MOKSHA



An article I read about the widows of Vrindavan many years ago made such a deep impression on me that forever afterward, I could not hear the word "widow" without thinking of that article. There was a single photograph, showing tiny bowed figures dressed in greyish white, sitting by the steps of a temple.

Then on NDTV, recently, I happened to catch a glimpse of a documentary feature called MOKSHA, by filmmaker and friend Pankaj Butalia. The five minutes I watched were enough to make me want to see the whole thing, so with a few shakes of the e-mail tree and a month's delay because of my travel sched, the DVD was in my hands. Magic Lantern Foundation, the distributors of the film, were exactly as prompt and courteous as their name suggests they might be.

The film is quiet, powerful and very beautiful. I could say "sad" but the nakedness of what it shows us cannot possibly be covered by any mere words like "sad" or "tragic". At one end of the spectacle of Indian life there's the gaudy frenzy of weddings but at the other end ... these bowed figures, with their shaven heads, little cloth bags, scrawny hands and their bare bodies, blouseless, swaddled in thin cotton the colour of ash and bones.

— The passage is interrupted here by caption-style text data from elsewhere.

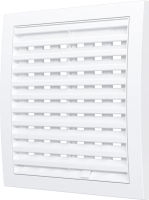 Купить Решетка вентиляц. регулируемая 200 х 200 мм пласт. (1/40) "Эра"  2020ррп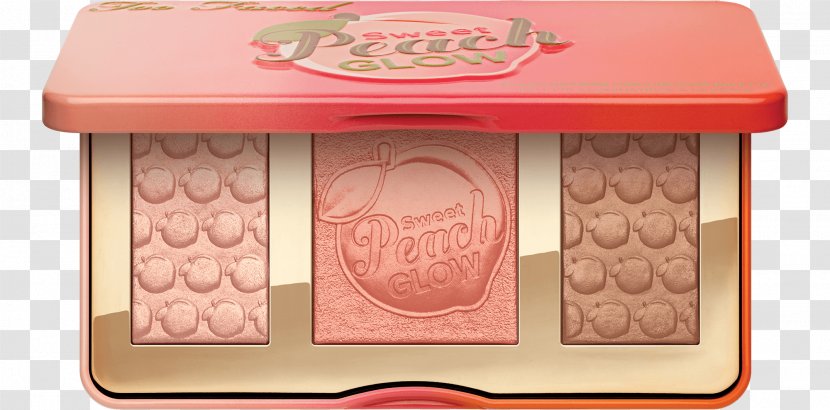 Too Faced Sweet Peach Highlighter Cosmetics Viseart Eye Shadow Palette Rouge - Chocolate Bar - Powder Blush Transparent PNG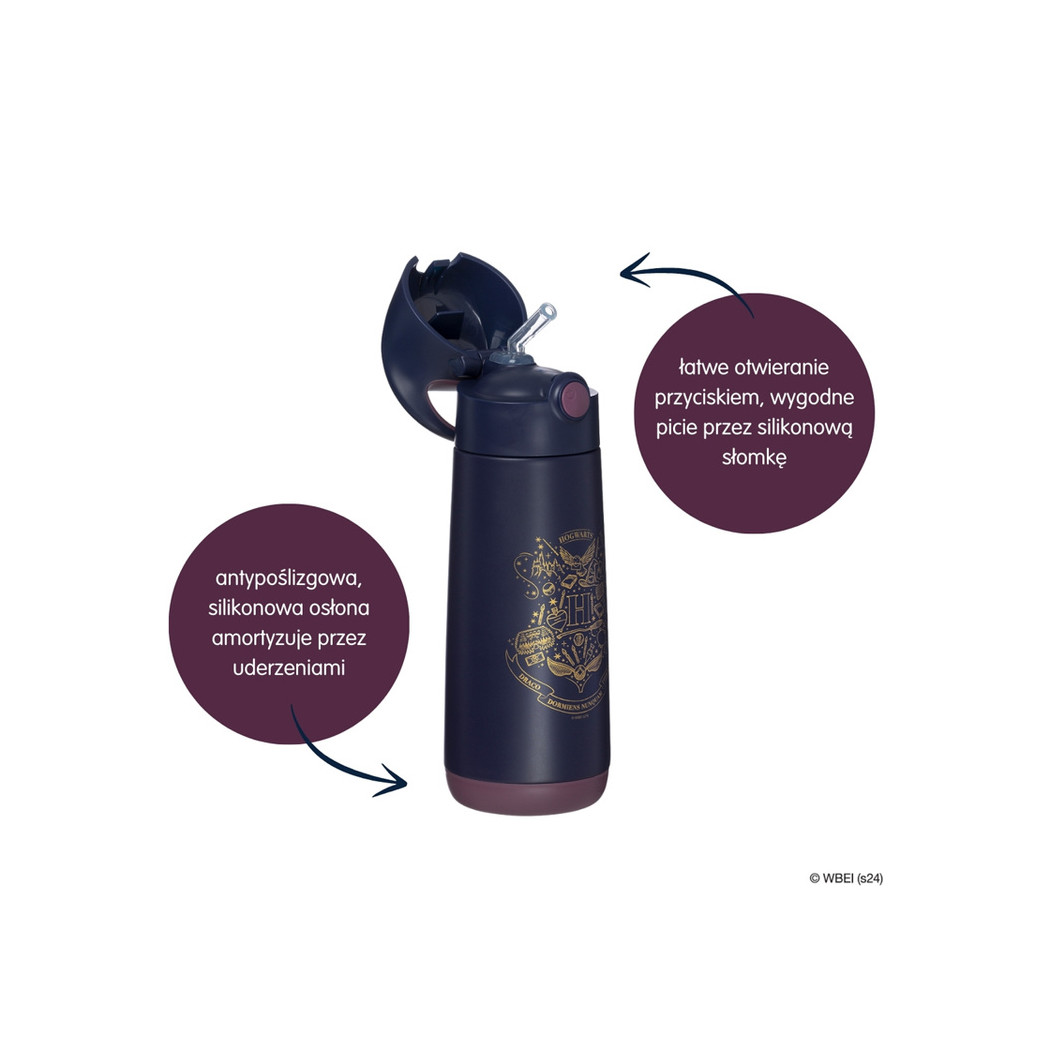 Harry Potter by b.box - Butelka termiczna z ustnikiem sportowym 500 ml - B.Box
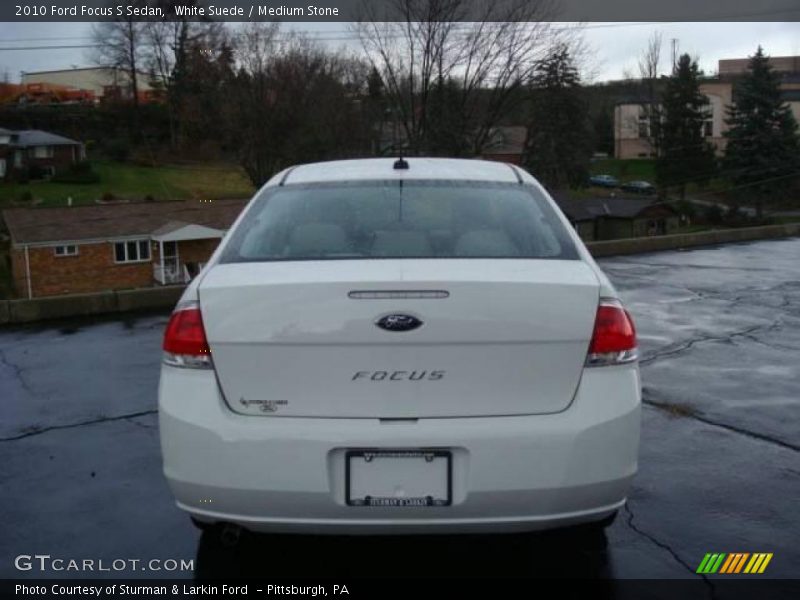 White Suede / Medium Stone 2010 Ford Focus S Sedan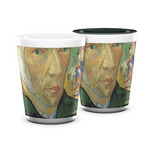 Van Gogh's Self Portrait with Bandaged Ear Ceramic Shot Glass - 1.5 oz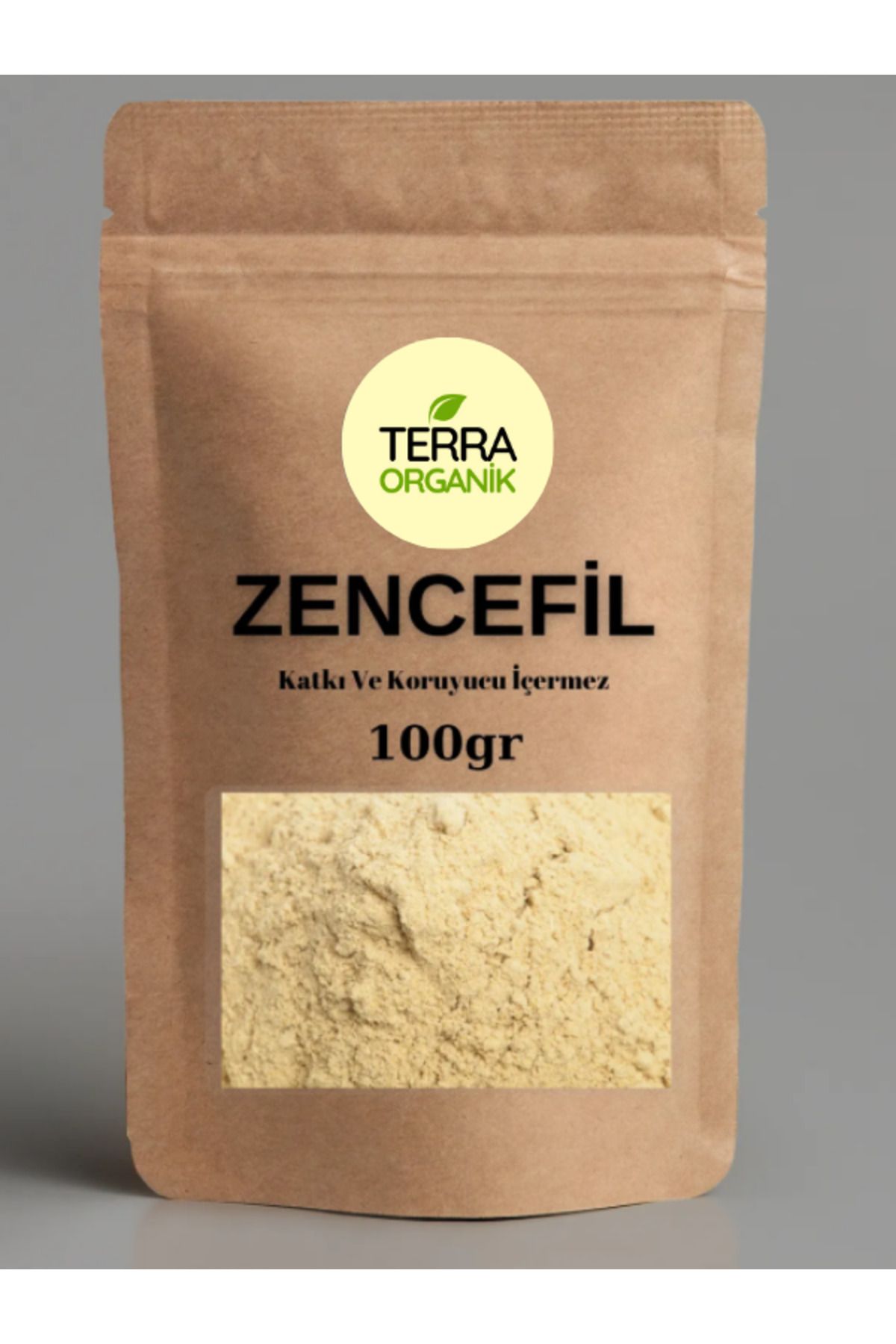 Terra Organik Zencefil Toz 100 gr ( Taze Öğütülmüş, Katkısız )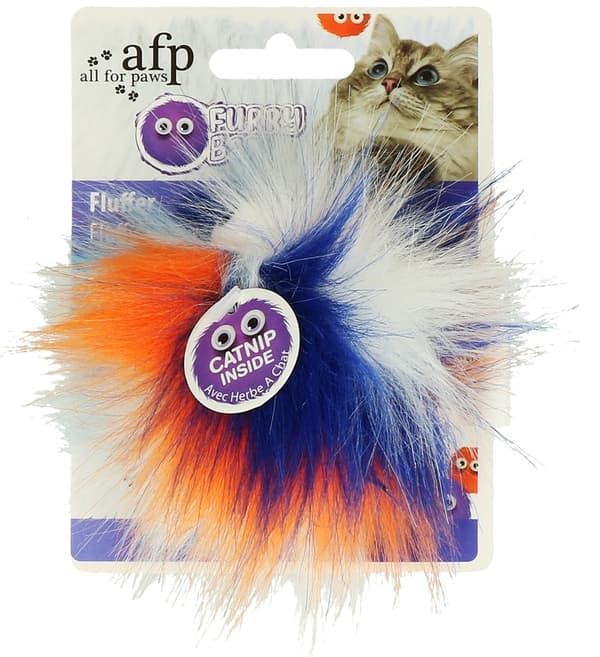AFP Furry Fluffy Ball Orange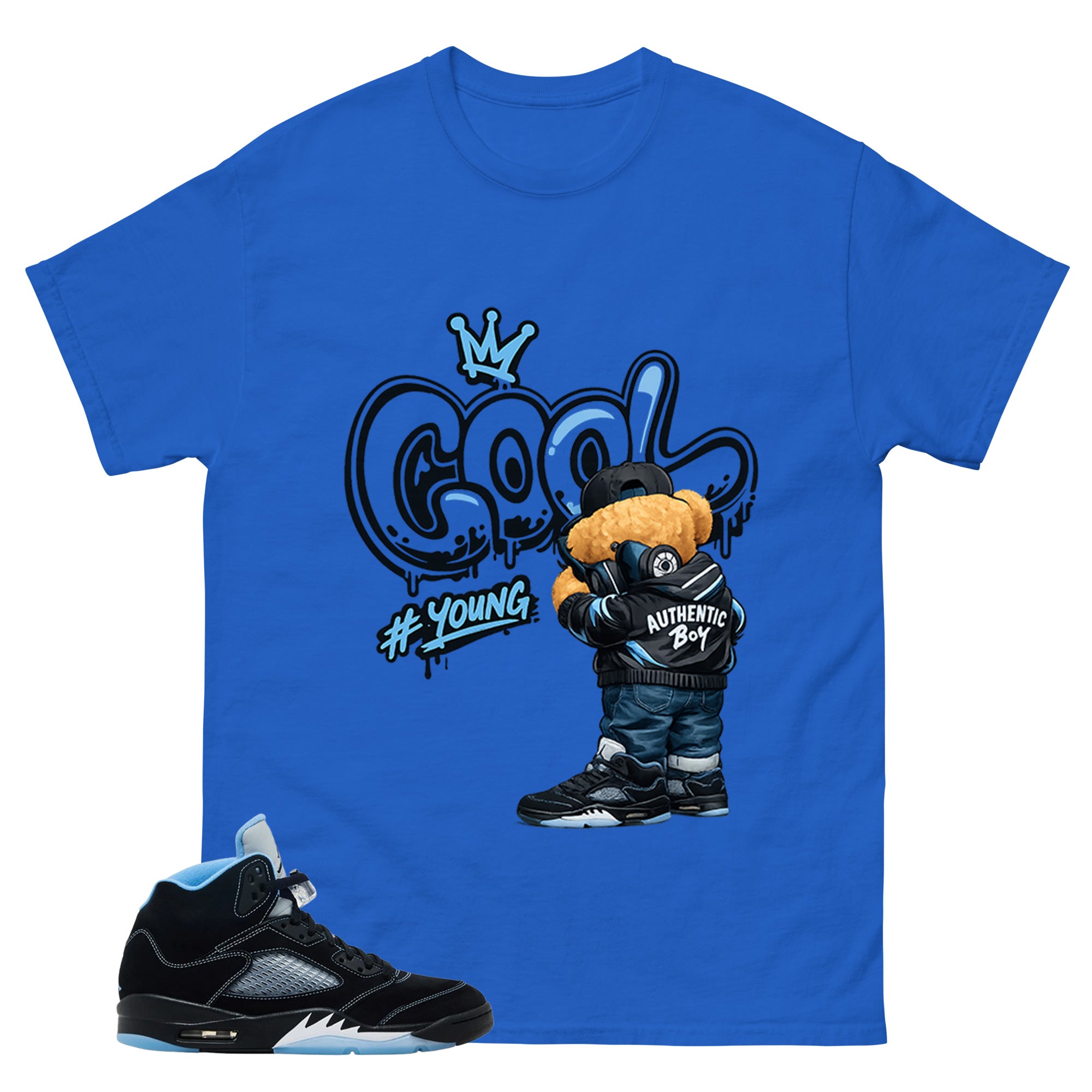 Black University Blue 6s Zadago Shirt Cool Boy Graphic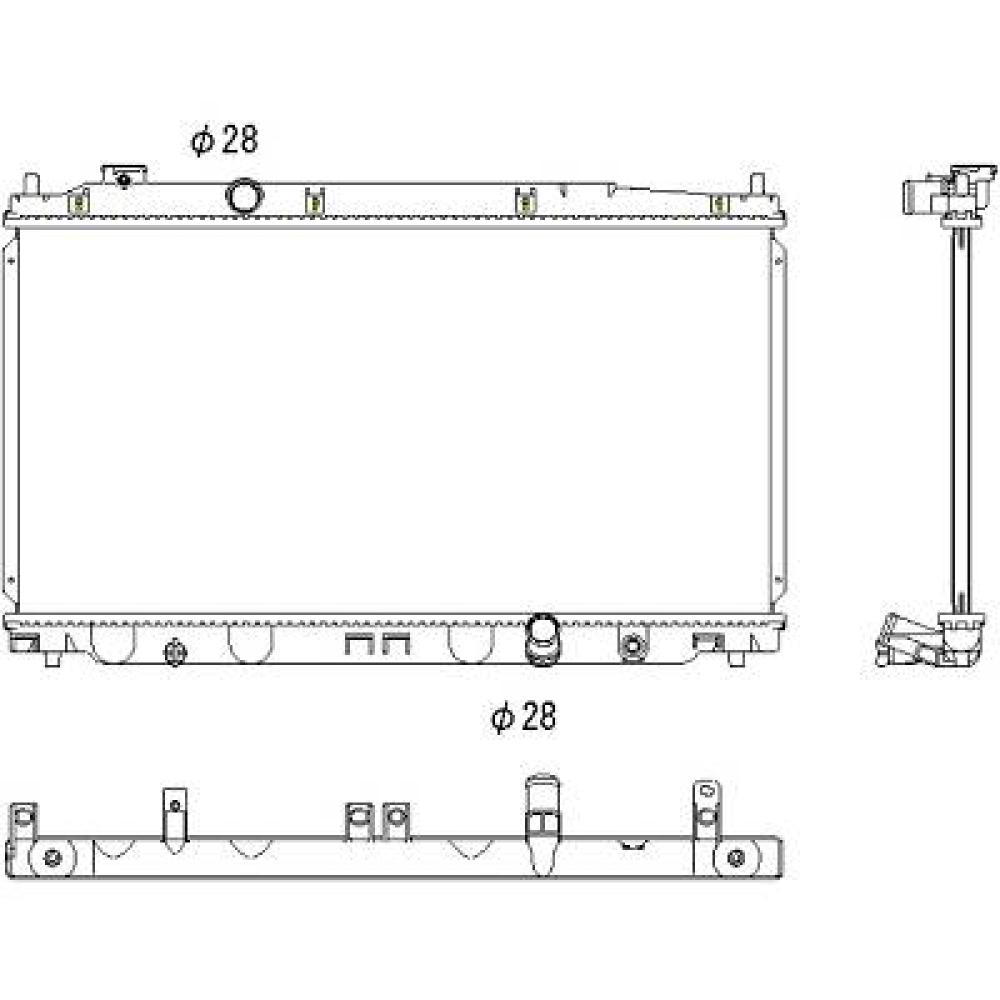 Radiateur, refroidissement du moteur Honda Jazz 08-11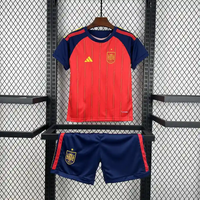 Ensemble Espagne Coupe du monde 2026/2027– Ensemble Officiel – Maillot + Short-Ensemble Enfant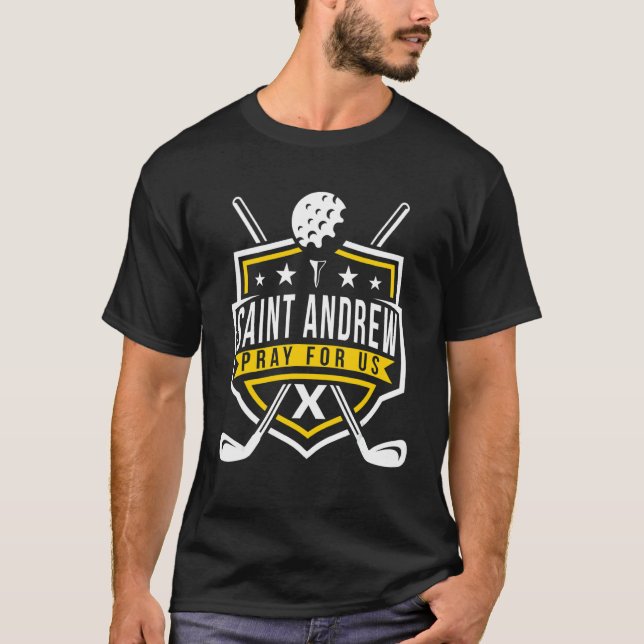 Camiseta St Andrew Golfing Patron Saint Of Golf Catholic Sa (Anverso)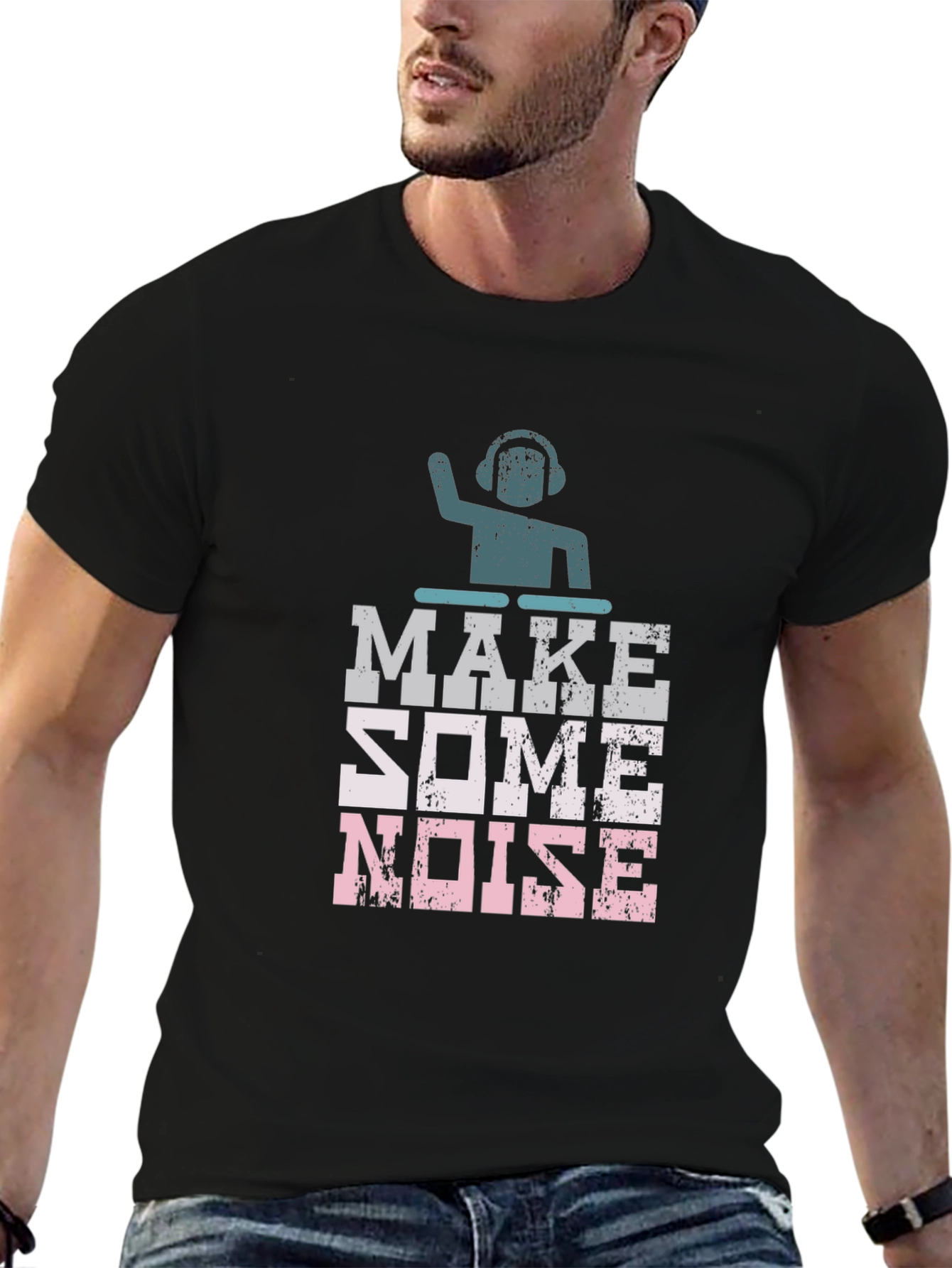 Make Some Noise DJ Graphic T-Shirt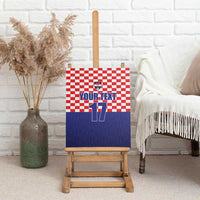 Custom Croatia Football Canvas Wall Art Sporty Style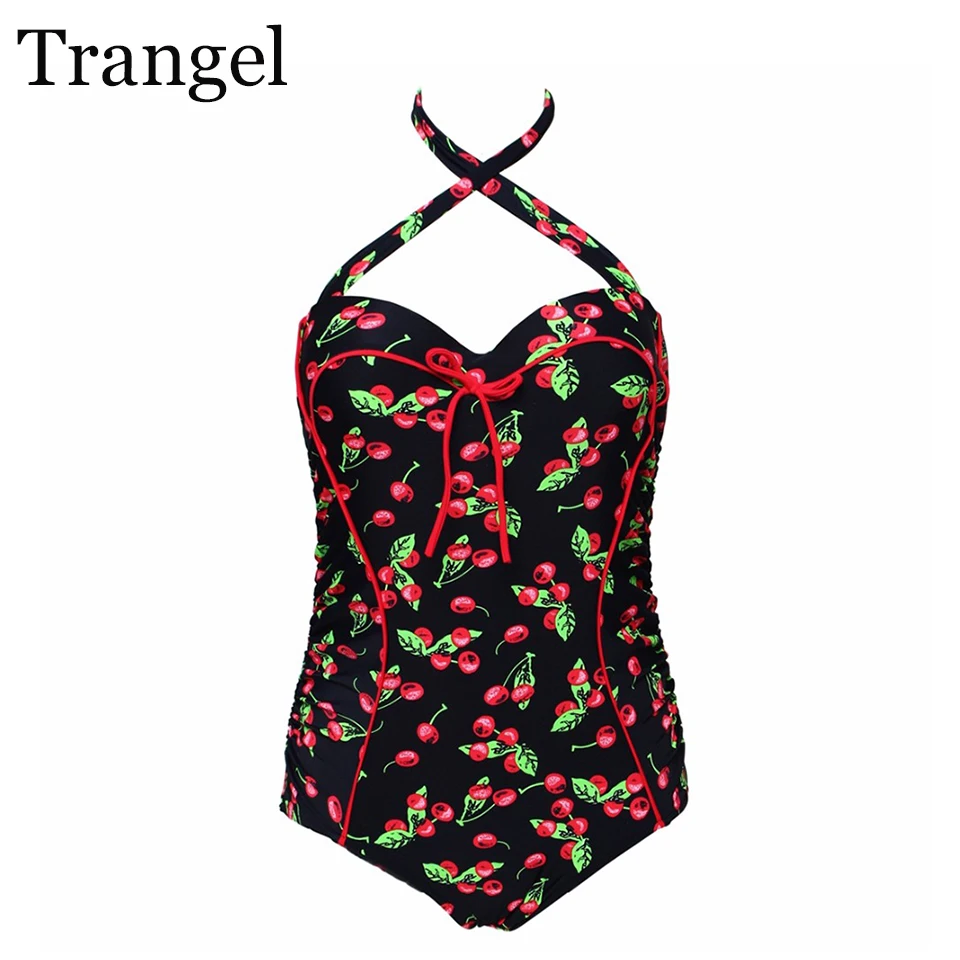 Trangel Plus Size Swimwear One Piece Swimsuit Sexy Women Swimwear ...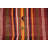 Handmade Vintage Turkish Rug with Colorful Striped Design Ideal for Boho Style Home Decor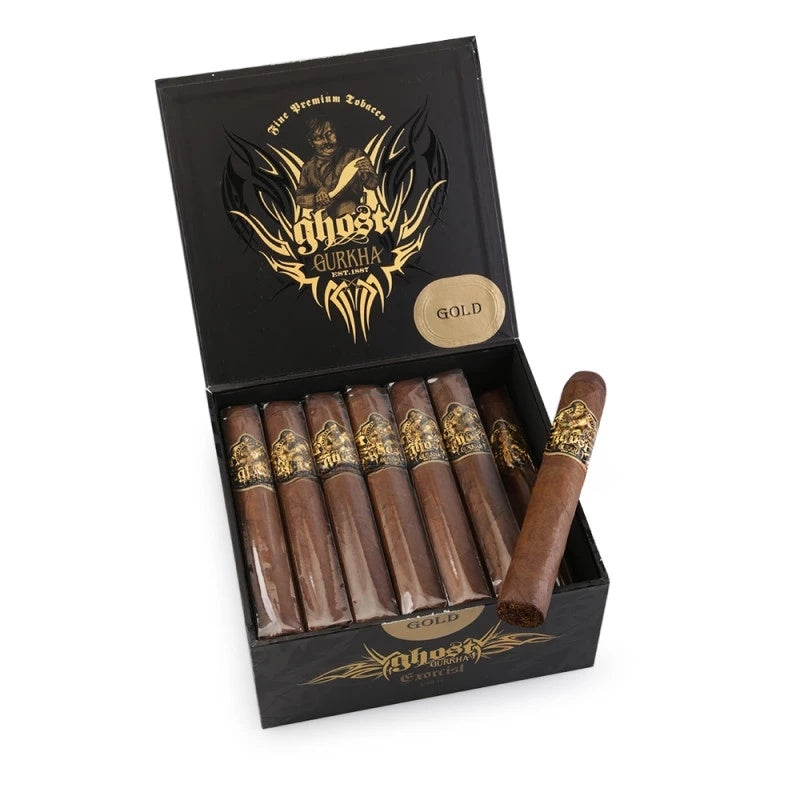 Charuto Ghost Gold Exorcist - Caixa com 21 - Mercado de Luxo - O Maior E-Commerce de Bens, Produtos e Serviços de Luxo do Brasil.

The fragment I saw on NDTV quoted a nineteenth century account of a nine-year-old girl's death: she is a child-widow still living in her father's house. She falls ills and is burning with fever, but because it is a day of fasting she is forbidden water by a senior widow in the clan. She dies of thirst, having "licked the whole floor of the room (she was locked into) in search of a little moisture".*

What does one do with such stories, such images? One click away, on TV, there are girls striding about like gender empowerment shock troops, grinding their hips and sticking their glistening lips out at the world in quest of a better shampoo or a more meaningful potato crisp. Meanwhile, in Vrindavan, today, right now, even as you read this, there are thousands of these other women, unrecognizable as the same species so bent and shrunken are they, as they wait for death while eking out a living by singing bhajans to Krishna.

One of the achievements of this film, it seems to me, is that it manages to slide in between that moment when you want to turn your face away and that other moment, when you want to stare, to reveal the femininity of even these women who have been stripped of that very thing. There are the faint echoes of beauty that still cling to the shape of the nose, the calm straight lines of the brow, the ritual of applying white ash on the forehead, the bridge of the nose, some with dots on either side, some without. And there is that heart-breakingly steady gaze, without self-pity, as the life is described: yes, I am alone, yes, I have nothing, yes, my husband died in my arms, and then yes, my children threw me out.